Salah satu yang paling dikenal adalah pempek milik Susi, penjual yang sudah hampir satu dekade menekuni usaha kuliner ini. Setiap harinya, lapak kecil Susi tidak pernah sepi dari antrean para pembeli yang ingin merasakan pempek gurih dengan kuah cuko pedas-manis yang disajikan melimpah ruah. Cita rasa tradisional yang konsisten dari tahun ke tahun menjadikannya favorit lintas generasi, dari pelajar hingga pekerja pasar.
“Setiap hari pempek tumpah saya habis terjual sebelum siang,” ujar Susi.
Yang membuat pempek ini semakin menarik adalah harganya yang sangat ramah di kantong. Dengan hanya seribu rupiah per satuan, pengunjung sudah bisa menikmati pempek dengan kualitas rasa yang tidak kalah dari tempat makan mewah. Hal ini menjadi alasan mengapa pempek tumpah selalu diburu dan dinikmati oleh berbagai kalangan masyarakat.
Dalam sehari, Susi mampu menjual antara 200 hingga 300 pempek. Ia menjelaskan bahwa resep pempek yang ia gunakan adalah warisan turun-temurun dari keluarganya. "Kuncinya ada di bahan yang selalu segar dan tidak pernah kami ubah resep dasarnya," tuturnya.
Meski hanya menggunakan bahan sederhana, seperti ikan dan sagu, Susi tetap menjaga kualitas produknya dengan ketat. Ia juga memastikan kuah cuko yang menjadi ciri khas pempek Palembang dibuat sendiri setiap hari agar tetap segar dan memiliki rasa khas yang menggigit di lidah.
Tak sedikit pembeli yang mengaku rela datang lebih pagi demi menghindari kehabisan. Mereka bahkan kerap merekomendasikan pempek tumpah ini kepada teman dan kerabatnya. Bagi mereka, kelezatan pempek di lapak Susi tidak hanya soal rasa, tapi juga soal suasana dan kehangatan khas pasar tradisional yang sulit ditemukan di tempat lain.
"Yang bikin beda ya kuah cukonya, manis tapi pedasnya pas, dan rasa ikannya terasa banget meskipun murah," ujar salah satu pelanggan yang mengaku sudah langganan lebih dari lima tahun.
Pempek tumpah ini pun akhirnya tidak sekadar menjadi camilan. Lebih dari itu, ia menjelma sebagai bagian dari identitas kuliner Palembang yang merakyat dan mudah diakses siapa pun. Banyak wisatawan domestik yang mendengar keunikan pempek murah meriah ini melalui media sosial, dan akhirnya menjadikan lapak di bawah Jembatan Ampera sebagai salah satu destinasi wajib saat berkunjung ke Palembang.
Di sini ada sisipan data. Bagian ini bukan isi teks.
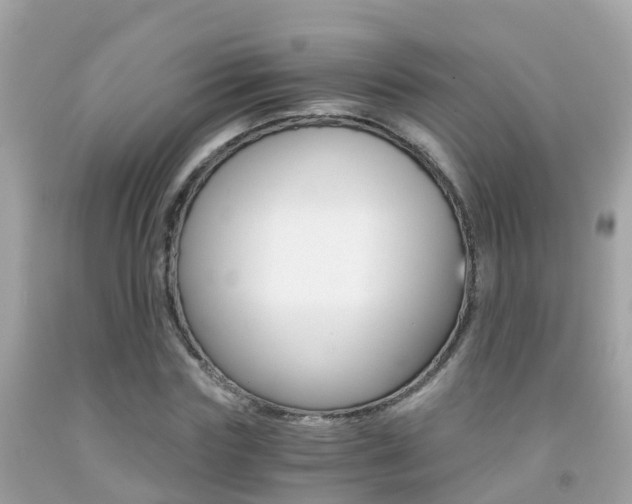 X0000091860827200709050955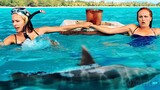 Surrounded by Sharks | Couples Retreat | CLIP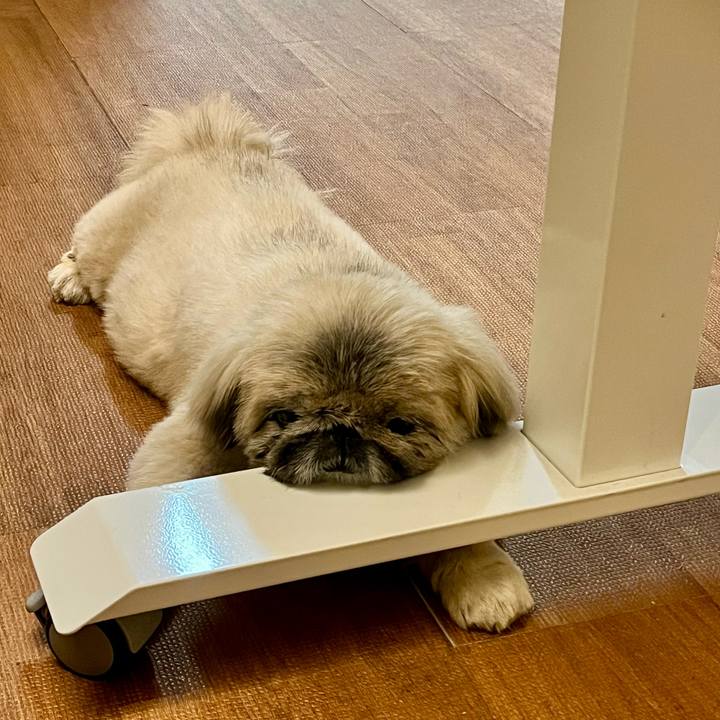 05f6ce34 cf39 49f1 913b 629d05d6c761 1770204614386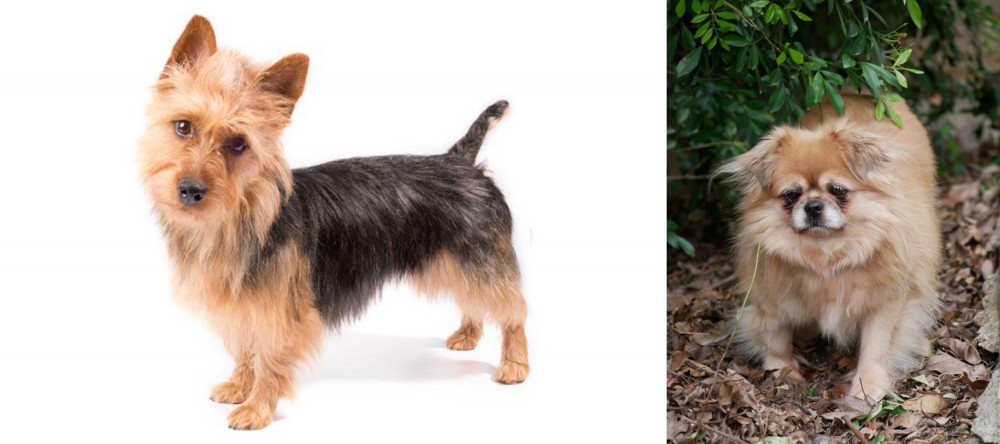 Tibetan Spaniel vs Australian Terrier - Breed Comparison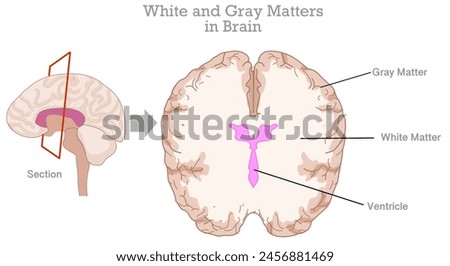 White, gray matter, ventricle in human brain. Gray tissue in cerebellum, cerebrum, and brain stem. Cross section anatomy. White composed of bundles of axons. Top view. Illustration vector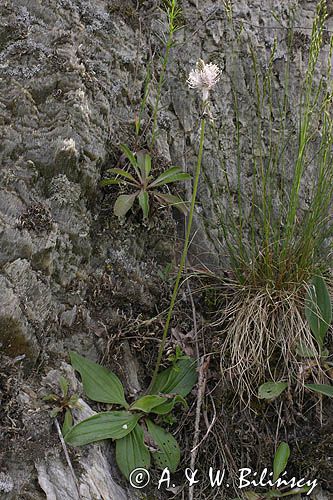 babka lancetowata Plantago lanceolata
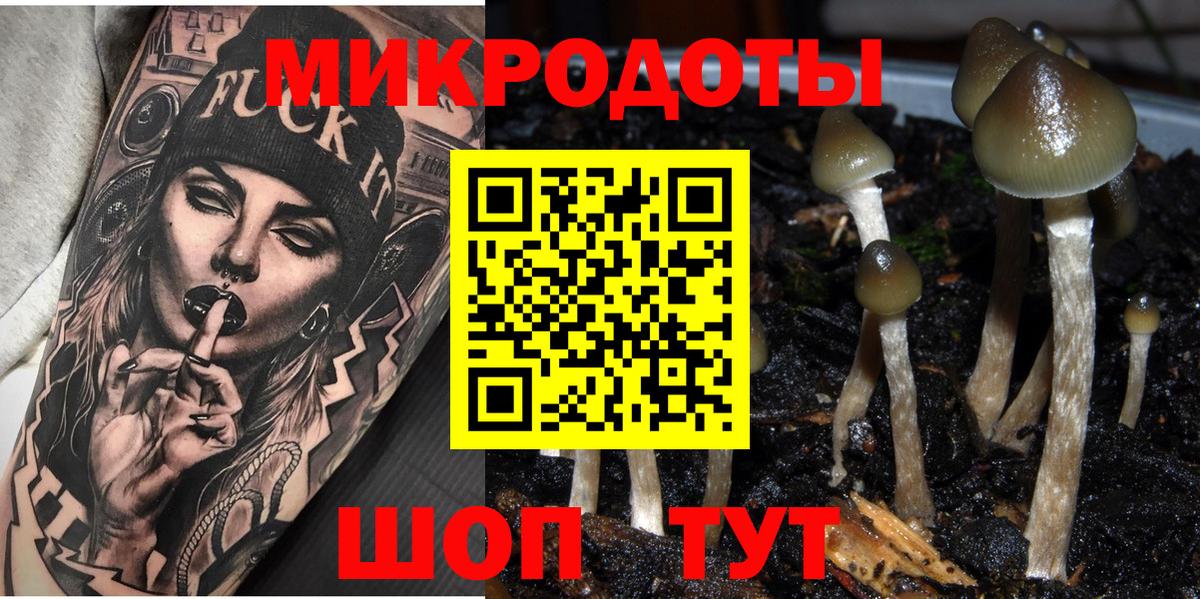 Псилоцибиновые грибы Psilocybine cubensis Усть-Илимск
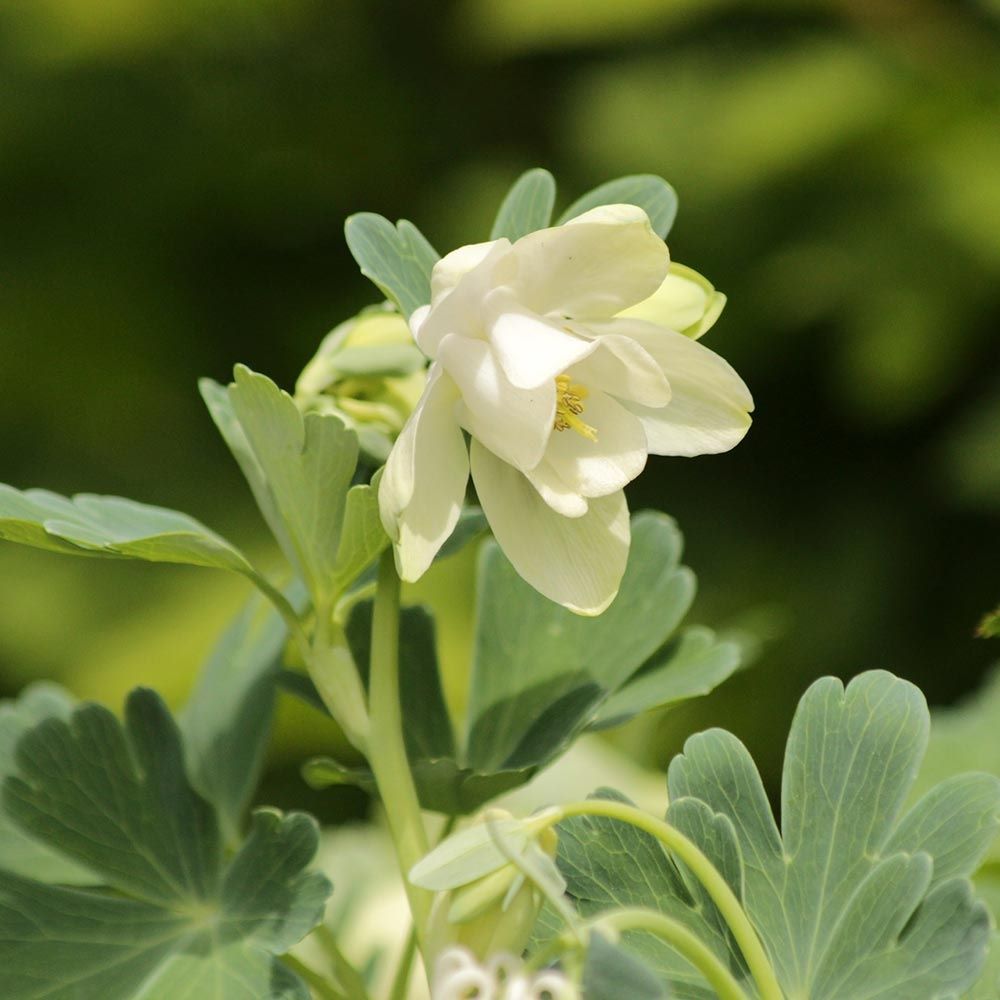 Japán harangláb (Aquilegia flabellata 'Cameo White')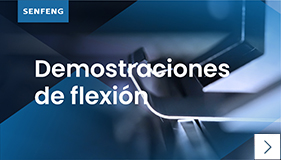 Demostraciones de flexión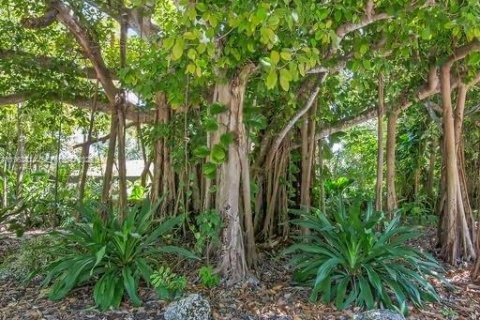 Villa ou maison à vendre à Miami, Floride: 3 chambres, 476.4 m2 № 2026198 - photo 14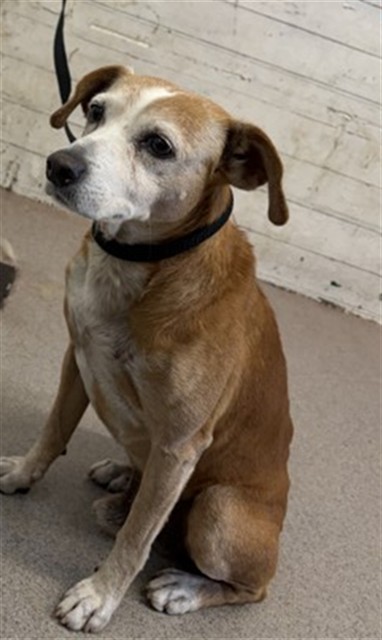Shelter Stray Male Dog last seen HIGHLAND AND ARROWHEAD, 333 Chandler Pl, San Bernardino, CA 92408, USA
Dalam dunia kuliner yang terus berubah dan makin kompetitif, keberadaan pempek tumpah seperti milik Susi adalah bukti bahwa tradisi dan kesederhanaan masih sangat relevan. Dengan menjaga kualitas, mempertahankan cita rasa asli, dan menetapkan harga yang adil, pempek ini tetap menjadi pilihan utama tanpa perlu promosi besar-besaran.
Susi sendiri tidak berambisi untuk membuka cabang besar atau menjadikan bisnisnya sebagai waralaba. Ia lebih memilih untuk tetap berjualan di lapak kecilnya di Pasar 16 Ilir, dekat dengan pelanggannya, dan terus menjaga hubungan personal yang telah terjalin selama bertahun-tahun.
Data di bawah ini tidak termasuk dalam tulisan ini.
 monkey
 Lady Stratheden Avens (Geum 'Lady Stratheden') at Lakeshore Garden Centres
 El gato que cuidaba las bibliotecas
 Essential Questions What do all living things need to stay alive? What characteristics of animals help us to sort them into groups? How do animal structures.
“Yang penting pembeli puas, dan saya bisa terus jualan. Itu saja,” ungkapnya dengan senyum.
Di tengah arus modernisasi dan naiknya harga bahan pokok, kisah sukses sederhana seperti ini menjadi pengingat bahwa kuliner lokal yang jujur dan tulus dari hati akan selalu menemukan tempat di hati masyarakat. Pempek tumpah di bawah Jembatan Ampera bukan hanya soal makanan, tapi juga tentang kenangan, tradisi, dan semangat usaha yang tak pernah padam.